Programming a machine
Von Neumann machines, such as a typical desktop computer or smartphone, can (in principle) have programs written for them by hand using the machine’s assembly language. In practice, program compilers have been constructed to transform high level languages (like C or C++, which are even easier to write) into assembly language programs. Still, there is a very close correspondence between the high level code and machine code, which can be explored with tools like Compiler Explorer. A von Neumann machine like this is very (very) complicated to build, with modern CPUs requiring billions of elements in addition to the rest of the supporting hardware necessary for the machine to function. They are also conceptually complicated, containing large swaths of addressable memory, and many hundreds of possible operations, which are encoded to and read from that memory, and modify the memory in predetermined ways. Much simpler Turing-complete machines exist, such as Rule 110 automatons, but the proof that these are Turing-complete (meaning that they can execute any program any other Turing-complete machine could execute) is complicated enough that one would not want to attempt to program anything useful into these by hand. It would also be quite difficult to write a compiler for any high level language into the glider language that runs on such machines. Bonafide Turing machines are somewhat of a middle ground here, being Turing-complete, reasonably programmable, not not (conceptually) too difficult to construct. They are a bit esoteric, however, and there aren’t really any simple schemes for programming simple-to-build Turing machines.
The bottom line here is that there is typically a trade off in programmable machines between
- Ease of programming the machine
- Ease of constructing the machine
The conceptual reason for this is not particularly profound: a more complicated machine does more with fewer instructions. An interesting thought to pursue is where the optimum lies for these two competing factors. Or in other words, what is a reasonably simple Turing-complete machine that is programmable with some reasonably simple language?
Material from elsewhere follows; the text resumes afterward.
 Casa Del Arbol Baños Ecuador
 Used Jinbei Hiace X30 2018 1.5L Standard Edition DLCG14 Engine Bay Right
Simple is a tricky term here. For instance, one might argue that Python is a very simple language because it is easy to use, uses intuitive syntax, and has a lot of built in functionality.
#Hello World in Python
print('Hello World')
In reality, quite a bit of logic (code/instructions) is required to parse and execute Python, and this applies to most high level languages. Esoteric languages like Brainfuck are certainly simple, with Brainfuck having just 8 operations represented by 8 symbols, and Turing-complete.
[ Hello World in Brainfuck ]
++++++++[>++++[>++>+++>+++>+<<<<-]>+>+>->>+[<]<-]>>.>---.+++++++..+++.>>.<-.<.+++.------.--------.>>+.>++.
Such languages are quite difficult to program by hand; harder, arguably, than writing assembly code for a modern processor, but there do exist compilers to these languages. Somewhere in the middle ground of esoteric and modern high level languages exists LISP.
;Hello world in LISP
(print 'HELLO 'WORLD)
LISP has been around since the earliest days of programming, and is still in use today. It is very closely related to the formal logic of lambda calculus, so it is Turing-complete, and is neither difficult to program nor evaluate.
LISP Machines
LISP stands for LISt Processor, and LISP code consists of nested lists of symbols, where the first element of each list represents a function or operation, and the remaining elements are arguments. A machine that executes LISP code just needs a way to represent lists, define rules for how to execute a small number of operations, recursively evaluate the arguments to those operations, and a few other functions that are described in this section. Such machines were constructed early in the history of computing.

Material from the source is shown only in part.